Their findings, detailed in an open-access paper published Sept. 14 in the journal Environmental Research Letters, show that an inland site near Putussibau, not far from the Indonesia-Malaysia border, formed at least 47,800 years old and contains peat 18 meters deep — roughly the height of a six-story building.
The study provides new insights about the climate of equatorial rainforests, especially during the last ice age, said study co-author Dan Gavin, a professor of geography at the University of Oregon.
“This existence of this very deep and old peatland provides some clues on past climate,” Gavin said. “It tells us that this area remained sufficiently wet and warm to support peat growth through the last ice age. The climate during that time is still poorly understood as there are few places in the very-wet tropics, where there is no dry season, that have such long sediment archives.”
For the study, the research team, led by Monika Ruwaimana, a doctoral student at the UO and lecturer at Indonesia’s Universitas Atma Jaya Yogyakarta, collected peat cores from two inland and three coastal sites associated with the Kapuas River in West Kalimantan, a province of Indonesia on Borneo.
The Putussibau site has been not been as disturbed as most other areas of Indonesia by deforestation and land conversion to agriculture.
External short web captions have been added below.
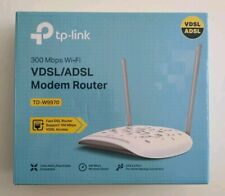 TP-Link TD-W9970 300Mbps Wireless N ASDL/VDSL Modem Router Wi-fi  picture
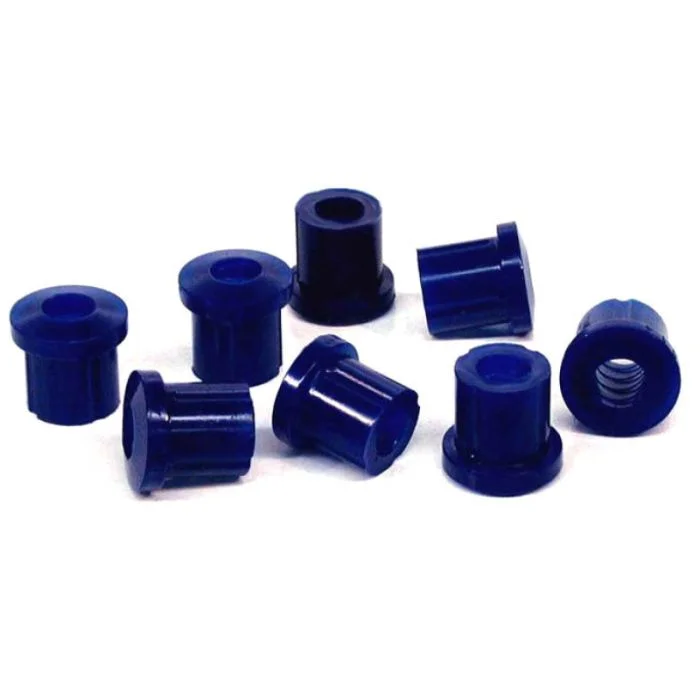 SuperPro 1962 MG MGB Base Rear Leaf Spring Bushing Kit – SPF0014K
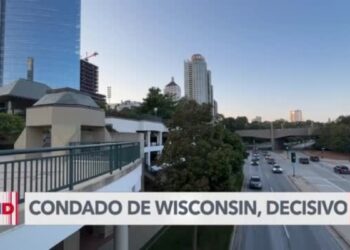 Condado Dane en Wisconsin podría tener la llave a Casa Blanca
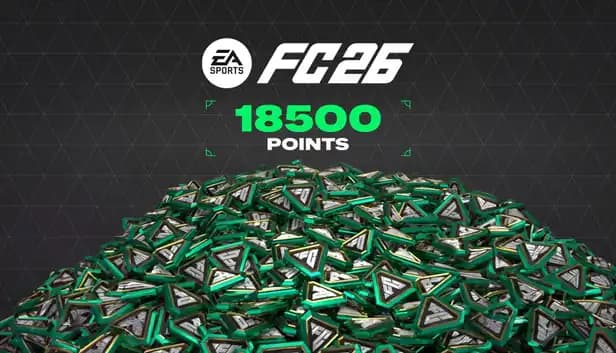 EA Sports FC 26 - 18500 FC Points - Xbox One & Xbox Series X|S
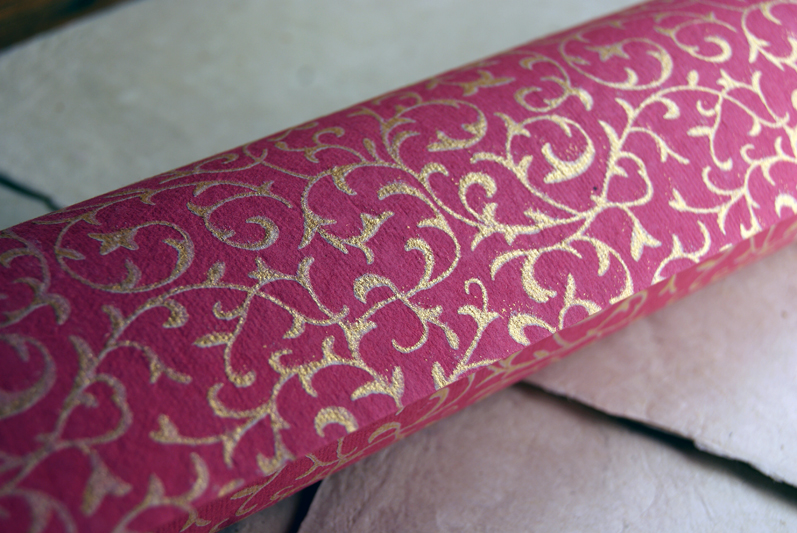 Tree Free Handmade Papers Made in India printed sheets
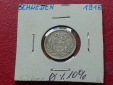Schwedische Silbermünze 25 Öre 1916
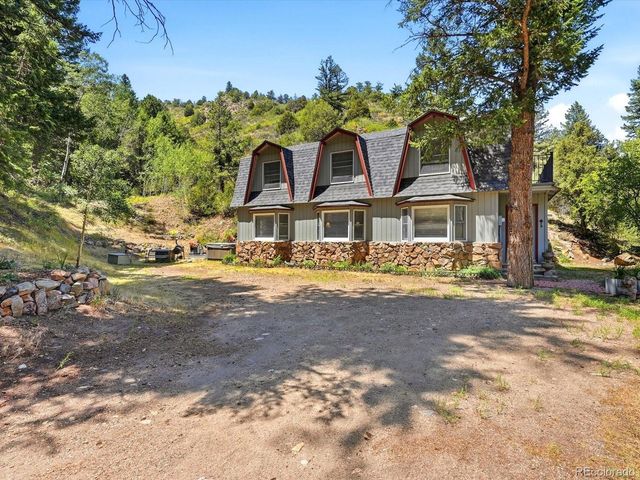 410 E Idaho Springs Rd, Idaho Springs, CO 80452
“We thought the Putussibau site would be thinner because people had already built roads over it,” Ruwaimana said. “But surprisingly we found depths of 17 to 18 meters. As comparison, the average peat depth in Indonesia is 5 to 6 meters.”
In contrast, the coastal sites, particularly in the Kapuas River delta, contain shallower peatland that didn’t begin forming until after the last ice age and after sea level stabilized between 4,000 and 7,000 years ago.
The lower base of the inlet peats that were examined is lower than the current riverbed, noted co-author Gusti Z. Anshari of the Universitas Tanjungpura in Pontianak, Indonesia.
“The inland peat contains an important archive about past hydrology and climates,” he said. “The coastal peat bed is higher than the current riverbed, making it prone to dryness. The coastal peat burns every dry season because of water loss through hydrological conductivity.”
Human disturbances related to land-use changes, he added, have caused high carbon emissions and create fire-loving degraded peats.
“The inland peat possibly played an important role in climate and carbon storage before and during the last ice age,” Ruwaimana said.
During that glaciation, she noted, atmospheric carbon dioxide was much lower and previous evidence suggested that much of the region’s carbon had moved into the oceans. The new findings, however, show inland peatlands persisted.
Across the sites, 37 radiocarbon dates were obtained. During a cool, dry period 20,000-30,000 years ago, Ruwaimana said, the new dating synthesized with previous dating across Indonesia indicated a hiatus of peatland formation.
“The significance is that conditions must have remained sufficiently wet so that the peat in the upper Kapuas was not lost during this period,” she said. “The ages provide a clearer picture on its formation history and how it connects to the past climate. As this peat forms layer by layer like a pancake layer cake, each layer tells us the story about fire, plant and climate when that layer was formed.”
With the revised depths of inland peatlands at these sites, the researchers suggest that previous estimates of carbon storage — 25.3 gigatons across Indonesia and 9.1 gigatons on Borneo — are too low. However, Ruwaimana said, more data is needed across the region for more accurate calculations.
Depths of the older peats obtained in the study, she noted, varied dramatically, with some peats of less than two meters depth being more than 10,000 years old.
The inland sites, the researchers wrote, may be the oldest tropical peats and contain the largest density of carbon in the world but are increasingly being threatened by changes in land use.
Lucas Silva, a professor of geography and head of the UO’s Soil Plant Atmosphere research lab, also was a co-author on the study.